Somehow, which is to say miraculously, the star led them to an ordinary house in an ordinary part of town, and they rejoiced. When they entered the house, they found the child, lying in his mother’s lap, and they threw themselves down on the ground, worshiping the young boy. It must have been quite a sight to see these sages from the east, prostrating themselves before a baby, whom no one else except, perhaps, his parents thought of as anything special. They gave the child gifts of gold, frankincense, and myrrh—presents of representative value that demonstrated their admiration of the infant king. And then they left, going back home by a different road because of a terrible dream that they had had.

When the magi left their home in search of the Jewish king, they couldn’t have expected to find a child being raised in a working-class neighborhood by a carpenter and his young wife. Even from the moment of their birth, kings belong in palaces, but the palace in Jerusalem was already occupied. Instead, God’s king was born a few miles away, in a humble suburb, and God used the brightness of a star to lead the wise men to the real king’s lowly abode. The so-called king who lived in the palace was little more than the shell of a true leader for God’s people. A puppet of Rome, Herod wielded power to his own benefit and to the benefit of his higher-ups. A baby whom no one else had noticed, Jesus had no power and no claim to it, yet God would use him to bring the light of salvation not only to his people but to the whole world. And some pagan star-gazers were the only ones who knew the truth.

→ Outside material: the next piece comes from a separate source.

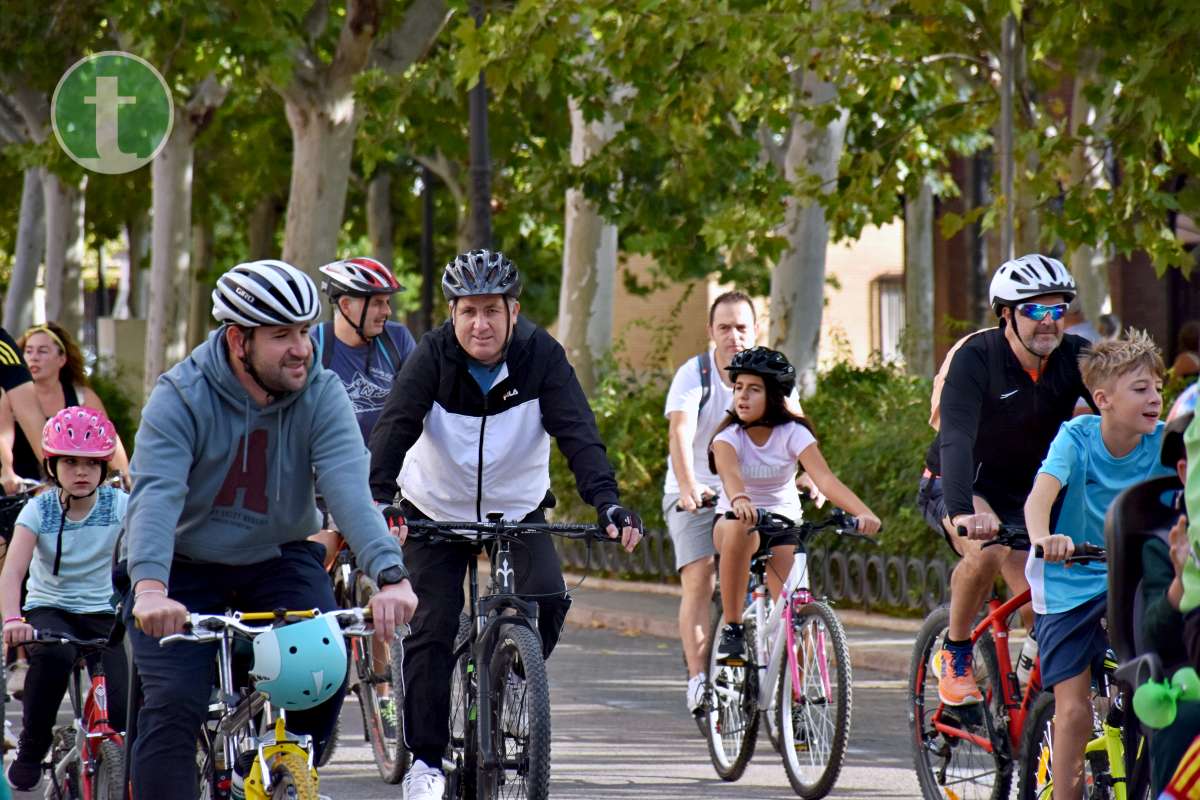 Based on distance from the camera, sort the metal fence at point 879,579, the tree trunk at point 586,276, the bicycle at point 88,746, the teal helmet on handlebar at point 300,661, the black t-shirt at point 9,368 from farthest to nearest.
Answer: the tree trunk at point 586,276 < the metal fence at point 879,579 < the black t-shirt at point 9,368 < the bicycle at point 88,746 < the teal helmet on handlebar at point 300,661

What sort of king are we looking for? Are we expecting God’s light to shine on one who needs power and wealth to convince us that he is a king, or will we see that God is leading us to a different sort of ruler? In God’s reign, those who wield power have it taken from them, and those who are surrounded by wealth are turned on their heads. Those who have a claim on preferential status discover that they have none, and those who think that they have been discarded by God and God’s representatives find that they are the ones who belong closest to God’s heart. God brings the light of salvation to those who see the haughty powers of this world being shaken and replaced by the humble power of God, but that’s a light that many people do not want to see. They reject it because it heralds the loss of their privilege and their grip on power. They react to it violently just as Herod did, ordering the murder of every male child in Bethlehem in an attempt to preserve his status. But those who rely on exertions of power to maintain their status in the eyes of their subjects aren’t really kings at all.

The true king is one whom God uses to bring the light of salvation to those who dwell in darkness. The true king is one who breaks into the order of this world in order to bring hope to the hopeless. If that’s the king we are willing to find, we shouldn’t look for him in a palace or in the halls of government but in those humble places where God’s saving light shines brightest. Which king is God’s light leading us toward? Where will we find our true king? At whose feet will we fall down in worship?